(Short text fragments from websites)
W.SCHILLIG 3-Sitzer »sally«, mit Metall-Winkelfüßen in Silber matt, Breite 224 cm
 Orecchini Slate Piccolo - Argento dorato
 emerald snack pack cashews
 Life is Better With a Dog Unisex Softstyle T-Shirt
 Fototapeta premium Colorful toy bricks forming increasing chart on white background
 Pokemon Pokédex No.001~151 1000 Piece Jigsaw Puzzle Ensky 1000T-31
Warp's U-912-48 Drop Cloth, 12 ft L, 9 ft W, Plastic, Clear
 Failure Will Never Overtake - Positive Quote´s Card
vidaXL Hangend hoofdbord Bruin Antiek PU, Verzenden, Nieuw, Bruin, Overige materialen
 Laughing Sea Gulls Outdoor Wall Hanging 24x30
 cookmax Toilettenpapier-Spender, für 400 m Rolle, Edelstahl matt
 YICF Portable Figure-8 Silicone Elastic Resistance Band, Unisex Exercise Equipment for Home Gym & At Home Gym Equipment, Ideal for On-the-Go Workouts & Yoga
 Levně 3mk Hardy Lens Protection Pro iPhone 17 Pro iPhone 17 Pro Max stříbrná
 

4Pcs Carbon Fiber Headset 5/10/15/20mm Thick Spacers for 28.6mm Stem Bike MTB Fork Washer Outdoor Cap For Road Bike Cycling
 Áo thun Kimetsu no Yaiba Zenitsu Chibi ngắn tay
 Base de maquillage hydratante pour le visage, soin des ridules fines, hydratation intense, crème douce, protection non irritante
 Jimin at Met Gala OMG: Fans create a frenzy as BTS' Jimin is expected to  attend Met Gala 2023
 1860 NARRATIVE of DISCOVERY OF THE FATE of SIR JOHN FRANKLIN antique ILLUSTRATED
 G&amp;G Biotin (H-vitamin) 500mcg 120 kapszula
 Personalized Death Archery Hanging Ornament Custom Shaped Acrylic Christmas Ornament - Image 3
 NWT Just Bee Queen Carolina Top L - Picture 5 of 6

TASK TO CARRY OUT
Every entry should be printed again exactly as it stands.

ANSWER TO THE PROBLEM
W.SCHILLIG 3-Sitzer »sally«, mit Metall-Winkelfüßen in Silber matt, Breite 224 cm
 Orecchini Slate Piccolo - Argento dorato
 emerald snack pack cashews
 Life is Better With a Dog Unisex Softstyle T-Shirt
 Fototapeta premium Colorful toy bricks forming increasing chart on white background
 Pokemon Pokédex No.001~151 1000 Piece Jigsaw Puzzle Ensky 1000T-31
Warp's U-912-48 Drop Cloth, 12 ft L, 9 ft W, Plastic, Clear
 Failure Will Never Overtake - Positive Quote´s Card
vidaXL Hangend hoofdbord Bruin Antiek PU, Verzenden, Nieuw, Bruin, Overige materialen
 Laughing Sea Gulls Outdoor Wall Hanging 24x30
 cookmax Toilettenpapier-Spender, für 400 m Rolle, Edelstahl matt
 YICF Portable Figure-8 Silicone Elastic Resistance Band, Unisex Exercise Equipment for Home Gym & At Home Gym Equipment, Ideal for On-the-Go Workouts & Yoga
 Levně 3mk Hardy Lens Protection Pro iPhone 17 Pro iPhone 17 Pro Max stříbrná
 

4Pcs Carbon Fiber Headset 5/10/15/20mm Thick Spacers for 28.6mm Stem Bike MTB Fork Washer Outdoor Cap For Road Bike Cycling
 Áo thun Kimetsu no Yaiba Zenitsu Chibi ngắn tay
 Base de maquillage hydratante pour le visage, soin des ridules fines, hydratation intense, crème douce, protection non irritante
 Jimin at Met Gala OMG: Fans create a frenzy as BTS' Jimin is expected to  attend Met Gala 2023
 1860 NARRATIVE of DISCOVERY OF THE FATE of SIR JOHN FRANKLIN antique ILLUSTRATED
 G&amp;G Biotin (H-vitamin) 500mcg 120 kapszula
 Personalized Death Archery Hanging Ornament Custom Shaped Acrylic Christmas Ornament - Image 3
 NWT Just Bee Queen Carolina Top L - Picture 5 of 6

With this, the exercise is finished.